Segment Open

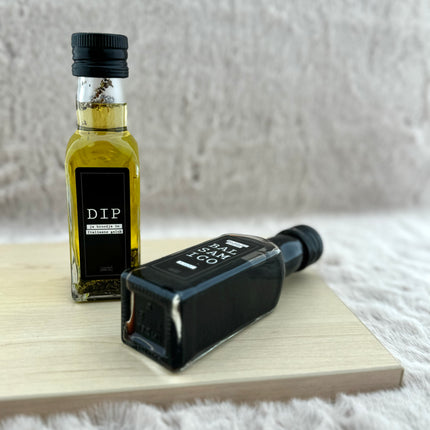 Borrel •Olijfolie Dip•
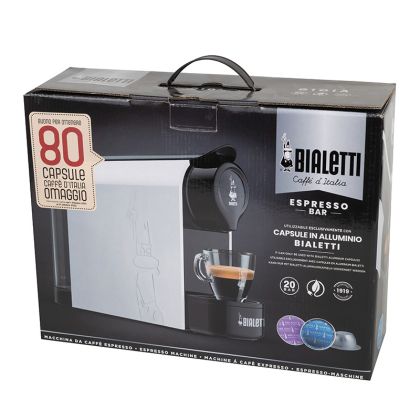 Кафе Машина за Капсули   BIALETTI  BIA978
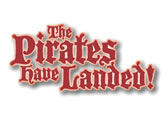 Pirate�s Lair on Tom Sawyer Island 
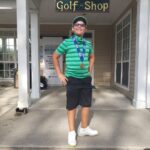 Alex Kruschwitz, John Hughes Golf, November 2022 Client Accomplishments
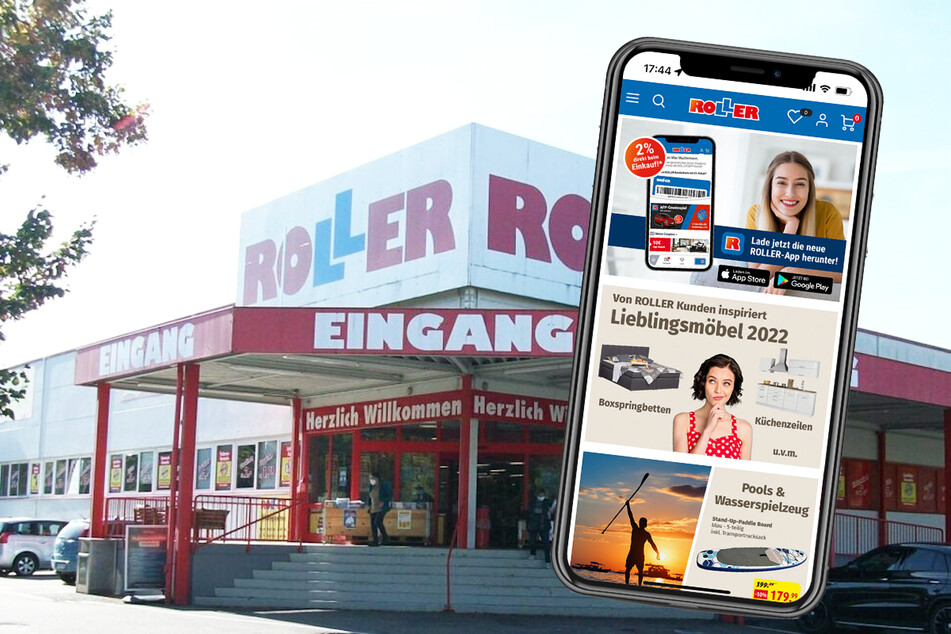 Journée promotionnelle chez ROLLER à Fribourg ! Voici ce qui vous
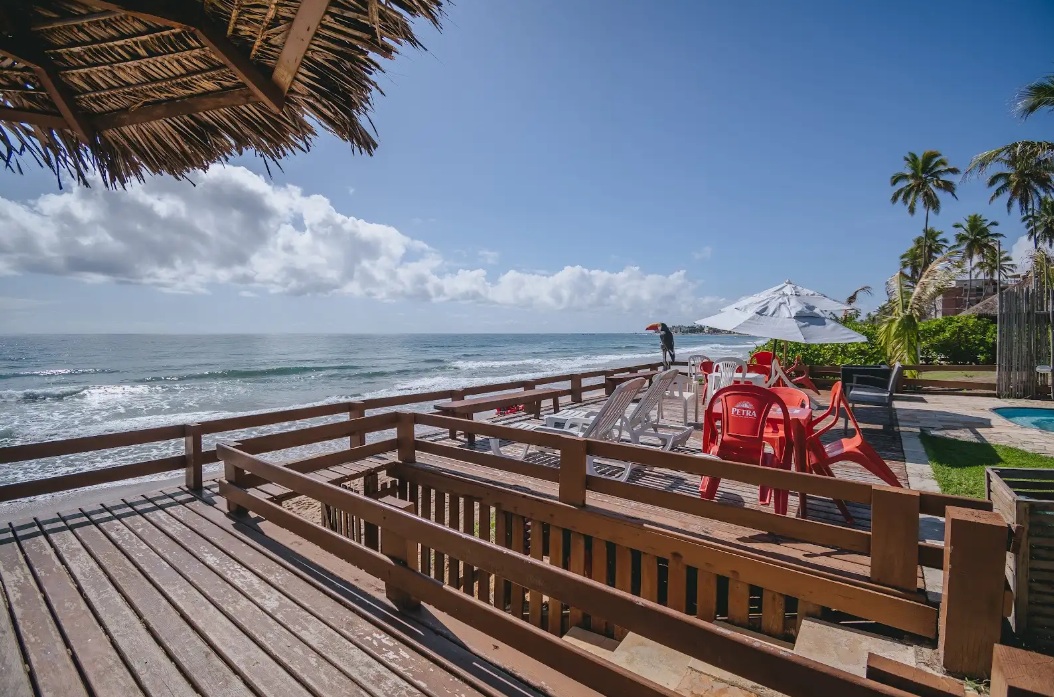 Pousada Mar a Vista BY CONCAVUS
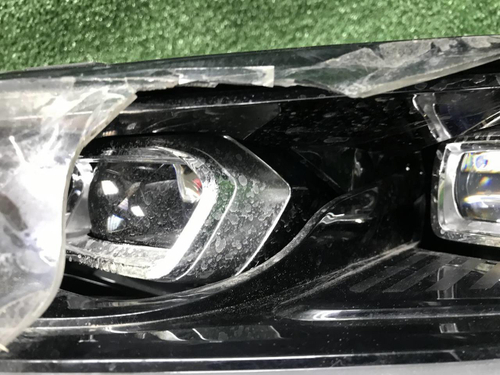 Фара левая Omoda S5 GT (2023-н.в.) LED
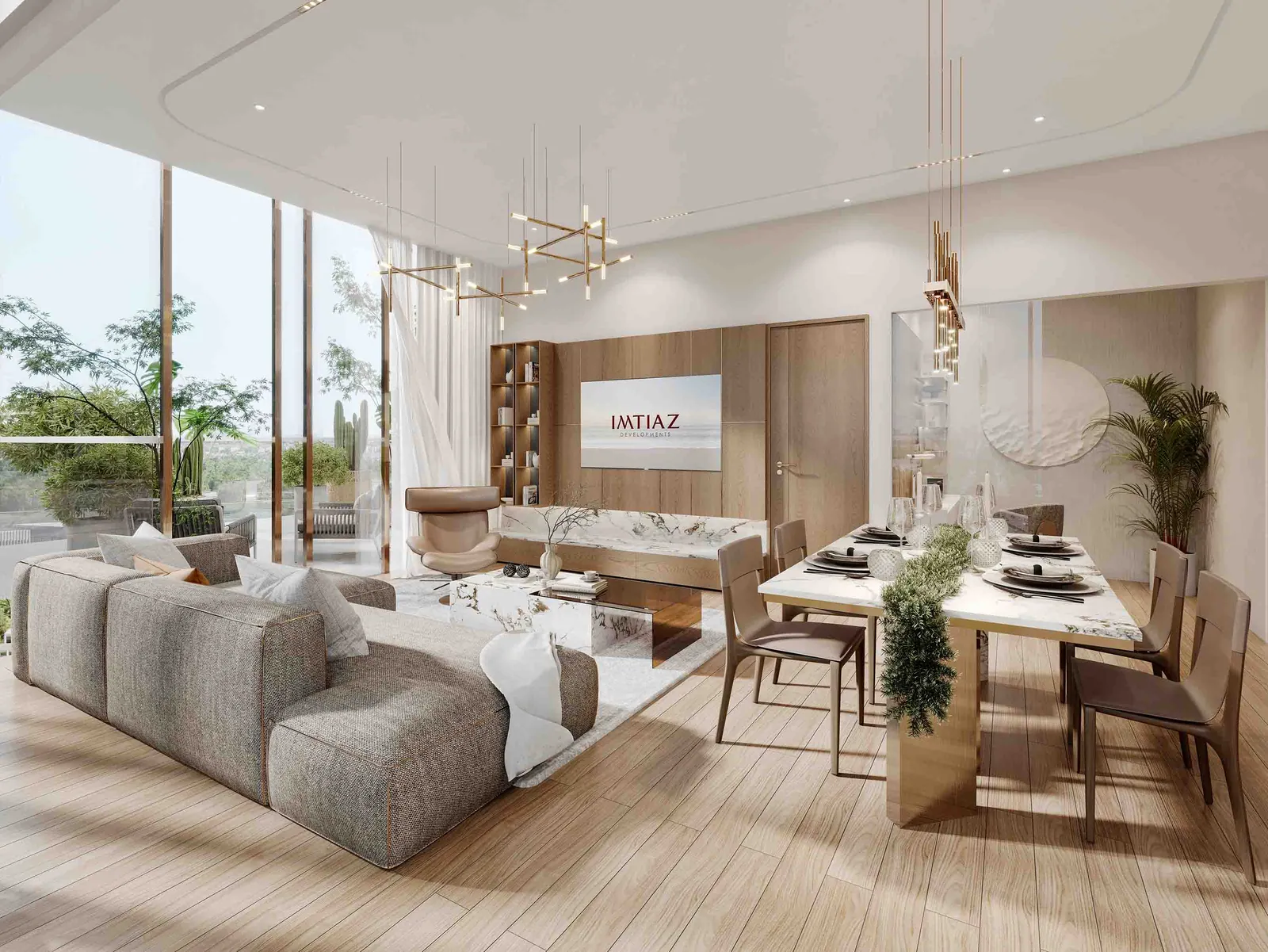 Wynwood by Imtiaz: interior bedroom, photo 9 of 12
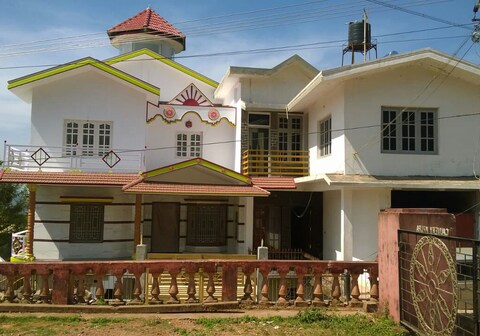Coorg Kodi Homestay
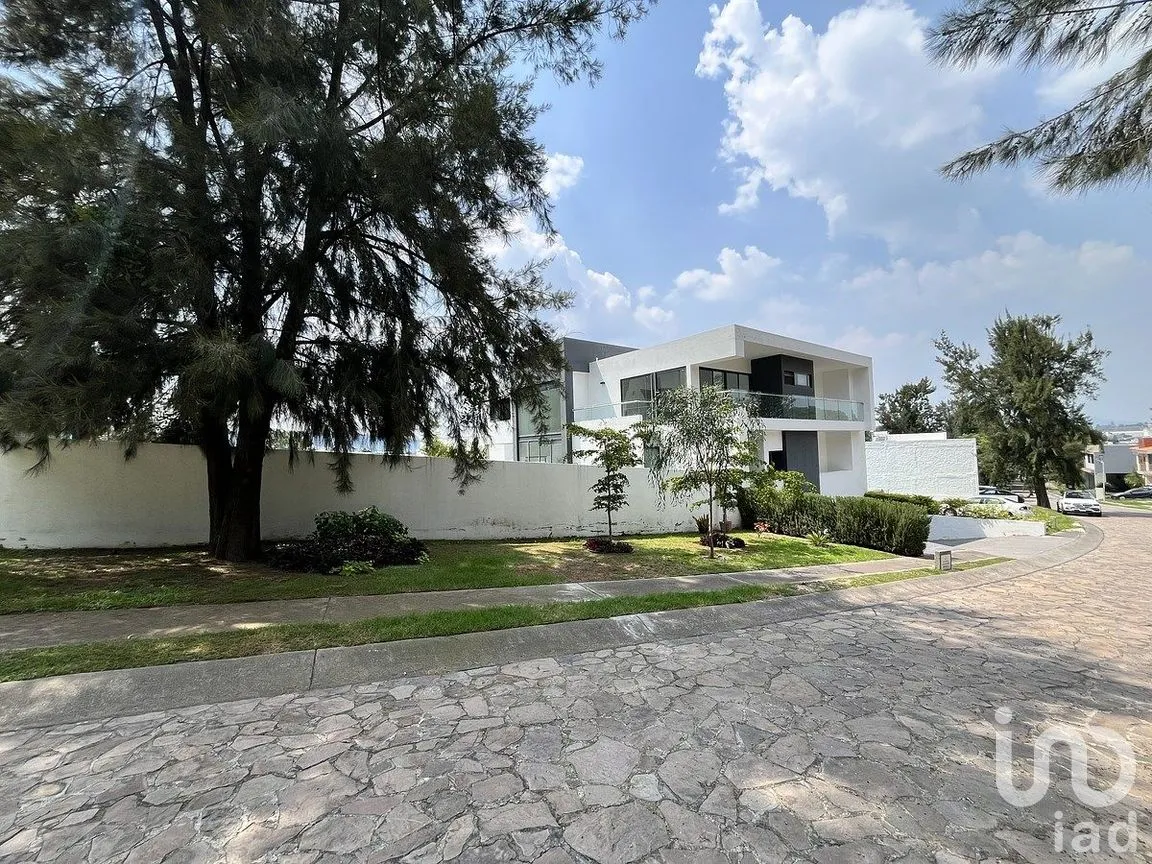 Casa en Venta en Diana Nature Residencial, Zapopan, Jalisco | NEX-292264 | iad México | Foto 4 de 46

Segment Closed

• [What the exercise asks]: Please copy the records above word for word, leaving out every picture.

• [Solved exercise]:
 Borrel •Olijfolie Dip•
 Кафе Машина за Капсули   BIALETTI  BIA978
 Pirate�s Lair on Tom Sawyer Island 
 Alex Kruschwitz, John Hughes Golf, November 2022 Client Accomplishments
 Journée promotionnelle chez ROLLER à Fribourg ! Voici ce qui vous
 Pousada Mar a Vista BY CONCAVUS
 Фара левая Omoda S5 GT (2023-н.в.) LED
 Wynwood by Imtiaz: interior bedroom, photo 9 of 12
Coorg Kodi Homestay
 Casa en Venta en Diana Nature Residencial, Zapopan, Jalisco | NEX-292264 | iad México | Foto 4 de 46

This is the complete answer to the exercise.